- Exercise prompt -
The records below need retyping in full; give them again exactly.

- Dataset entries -
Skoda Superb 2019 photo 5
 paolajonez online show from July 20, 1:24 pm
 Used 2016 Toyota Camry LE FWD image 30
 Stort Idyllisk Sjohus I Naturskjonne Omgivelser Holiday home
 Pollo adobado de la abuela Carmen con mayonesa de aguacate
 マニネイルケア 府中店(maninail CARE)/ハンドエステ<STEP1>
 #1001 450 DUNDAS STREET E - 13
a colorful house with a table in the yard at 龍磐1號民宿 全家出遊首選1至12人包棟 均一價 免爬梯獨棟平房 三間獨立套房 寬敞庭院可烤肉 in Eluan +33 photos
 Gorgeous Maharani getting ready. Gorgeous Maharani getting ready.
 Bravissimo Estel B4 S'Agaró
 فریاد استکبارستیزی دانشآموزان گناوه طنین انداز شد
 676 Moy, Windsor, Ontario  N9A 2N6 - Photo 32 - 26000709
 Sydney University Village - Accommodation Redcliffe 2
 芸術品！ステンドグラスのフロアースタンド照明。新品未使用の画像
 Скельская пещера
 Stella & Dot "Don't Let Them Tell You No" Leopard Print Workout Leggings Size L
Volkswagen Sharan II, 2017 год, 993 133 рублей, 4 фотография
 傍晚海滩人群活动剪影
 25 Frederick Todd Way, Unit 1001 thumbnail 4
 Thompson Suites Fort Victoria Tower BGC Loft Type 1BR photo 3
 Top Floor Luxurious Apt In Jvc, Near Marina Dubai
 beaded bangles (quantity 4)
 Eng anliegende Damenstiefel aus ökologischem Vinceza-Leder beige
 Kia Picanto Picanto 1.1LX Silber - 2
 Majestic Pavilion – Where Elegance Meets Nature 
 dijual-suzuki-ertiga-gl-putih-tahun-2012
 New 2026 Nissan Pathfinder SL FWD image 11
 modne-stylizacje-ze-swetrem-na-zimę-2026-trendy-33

- Written solution -
Skoda Superb 2019 photo 5
 paolajonez online show from July 20, 1:24 pm
 Used 2016 Toyota Camry LE FWD image 30
 Stort Idyllisk Sjohus I Naturskjonne Omgivelser Holiday home
 Pollo adobado de la abuela Carmen con mayonesa de aguacate
 マニネイルケア 府中店(maninail CARE)/ハンドエステ<STEP1>
 #1001 450 DUNDAS STREET E - 13
a colorful house with a table in the yard at 龍磐1號民宿 全家出遊首選1至12人包棟 均一價 免爬梯獨棟平房 三間獨立套房 寬敞庭院可烤肉 in Eluan +33 photos
 Gorgeous Maharani getting ready. Gorgeous Maharani getting ready.
 Bravissimo Estel B4 S'Agaró
 فریاد استکبارستیزی دانشآموزان گناوه طنین انداز شد
 676 Moy, Windsor, Ontario  N9A 2N6 - Photo 32 - 26000709
 Sydney University Village - Accommodation Redcliffe 2
 芸術品！ステンドグラスのフロアースタンド照明。新品未使用の画像
 Скельская пещера
 Stella & Dot "Don't Let Them Tell You No" Leopard Print Workout Leggings Size L
Volkswagen Sharan II, 2017 год, 993 133 рублей, 4 фотография
 傍晚海滩人群活动剪影
 25 Frederick Todd Way, Unit 1001 thumbnail 4
 Thompson Suites Fort Victoria Tower BGC Loft Type 1BR photo 3
 Top Floor Luxurious Apt In Jvc, Near Marina Dubai
 beaded bangles (quantity 4)
 Eng anliegende Damenstiefel aus ökologischem Vinceza-Leder beige
 Kia Picanto Picanto 1.1LX Silber - 2
 Majestic Pavilion – Where Elegance Meets Nature 
 dijual-suzuki-ertiga-gl-putih-tahun-2012
 New 2026 Nissan Pathfinder SL FWD image 11
 modne-stylizacje-ze-swetrem-na-zimę-2026-trendy-33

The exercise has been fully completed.